ABOUT THIS TASK
Every line from the one with "Стол холодильный Марихолодмаш СХС-3-60" to the final line of the records should be printed exactly as it is, with pictures left out.

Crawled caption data
______________________________
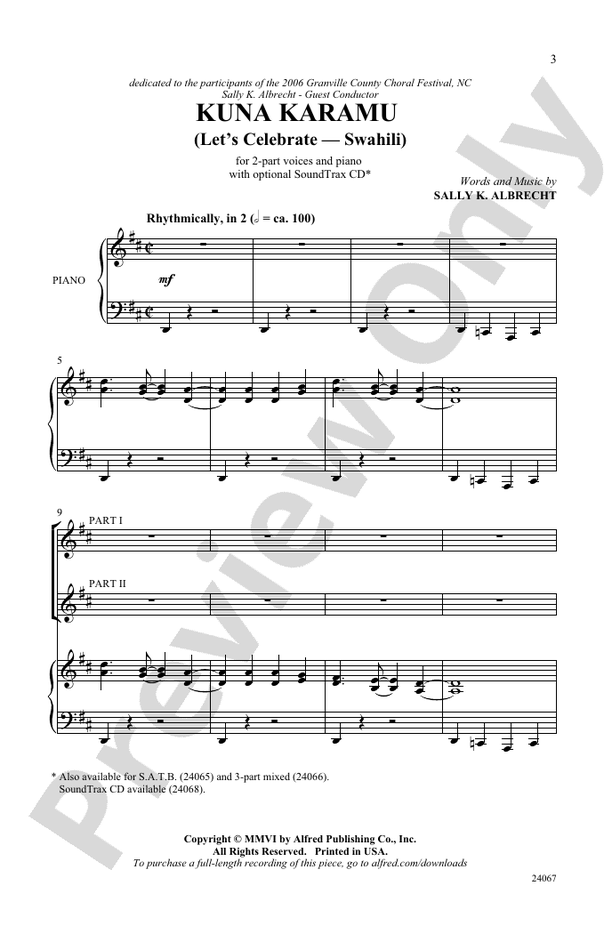 Kuna Karamu (Let's Celebrate - Swahili) – 2-Part Choral Octavo (Digital Download)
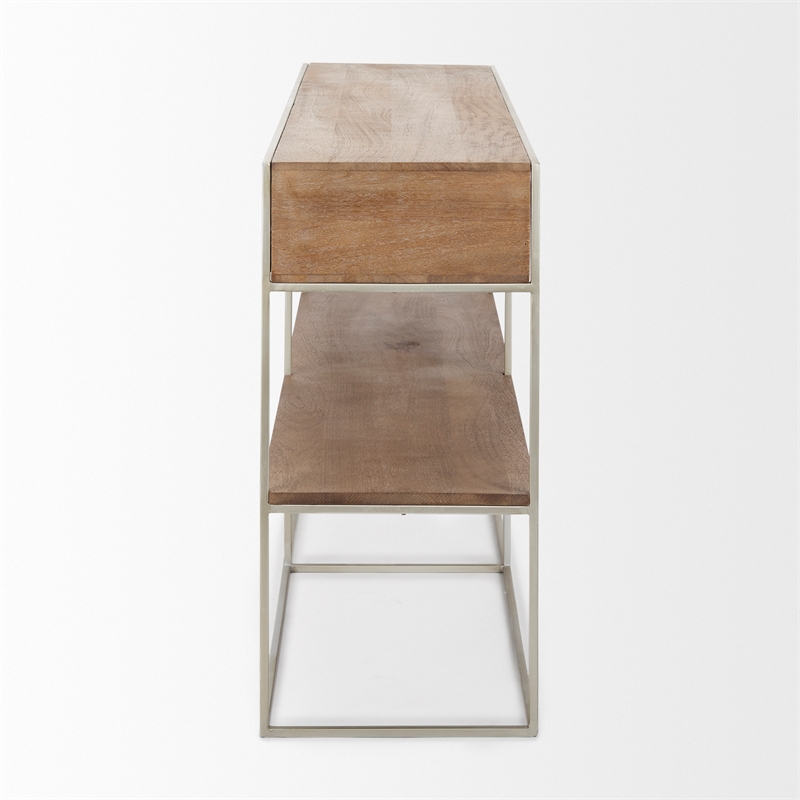 Mercana  Morris I 63x15 Brown Wood and Silver Metal Frame Two Drawer Sideboard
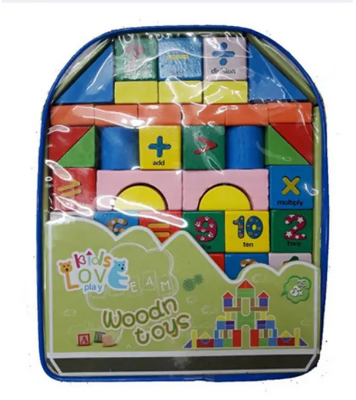 Picture of Kids Wooden Montessori Education Multicolor Building Blocks Toys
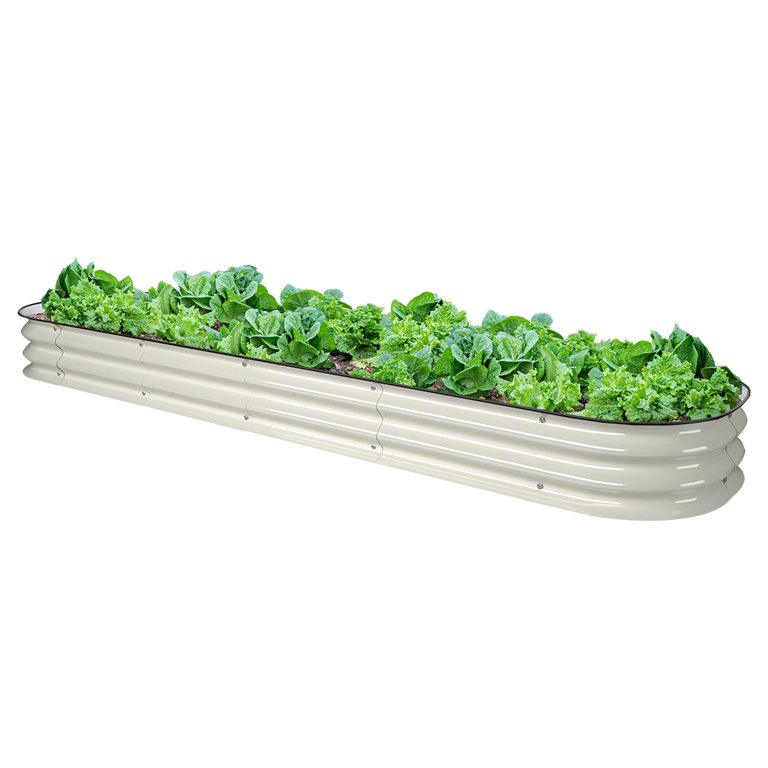 VEIKOUS 8 ft. x 2 ft. x 1.4 ft. Galvanized Raised Garden Bed 9-in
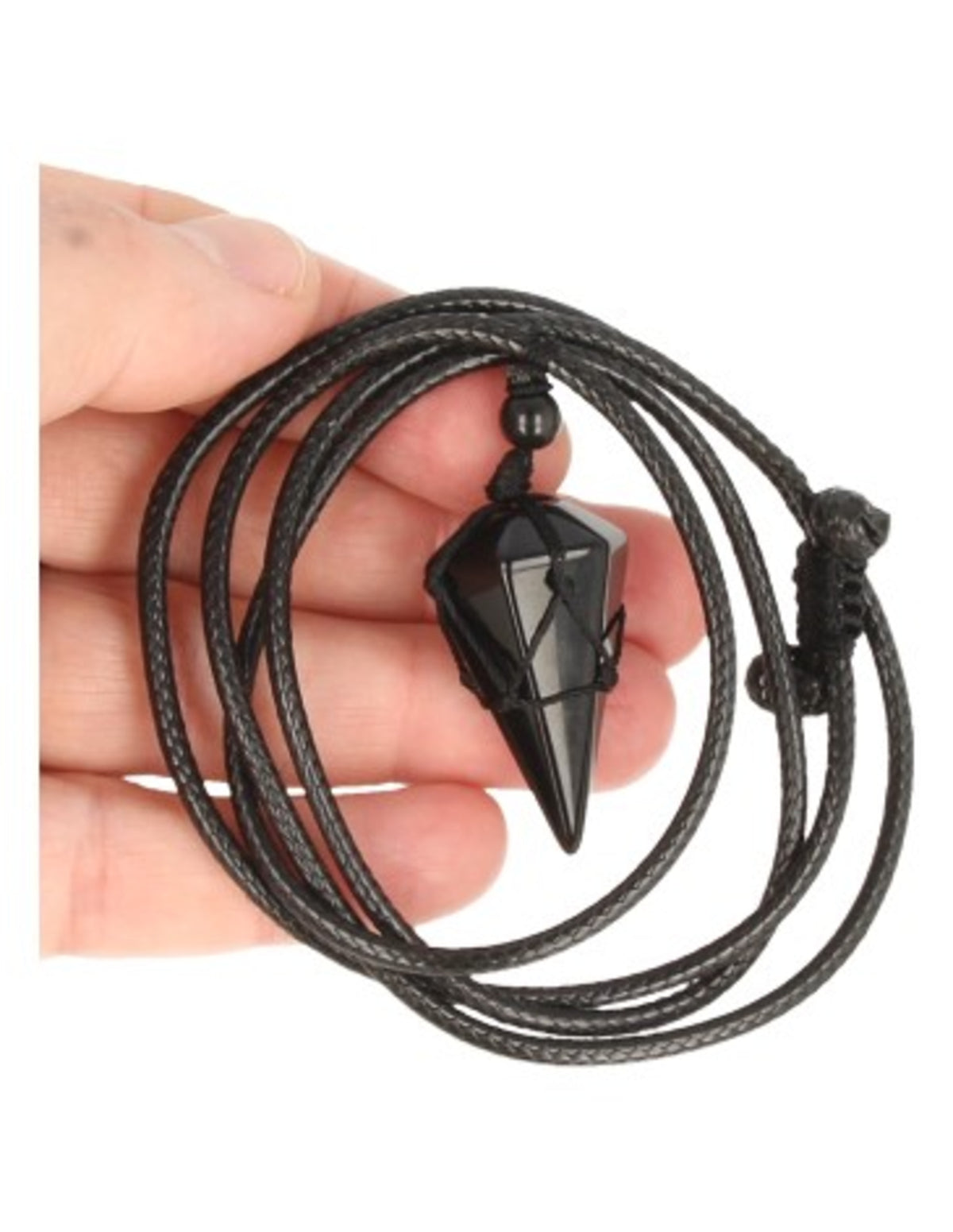 Obsidian halsband för herr, konformat hänge, 4 cm, vaxkord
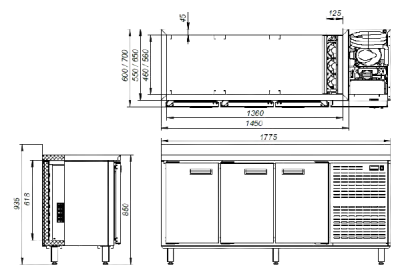 Стол холодильный Марихолодмаш СХС-3-60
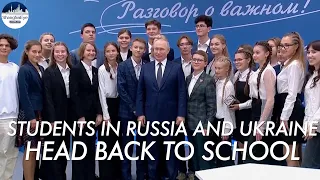 Putin holds open lesson marking the start of school year while Zelensky addresses online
______________________________
ANSWER BOX
 Стол холодильный Марихолодмаш СХС-3-60
 Putin holds open lesson marking the start of school year while Zelensky addresses online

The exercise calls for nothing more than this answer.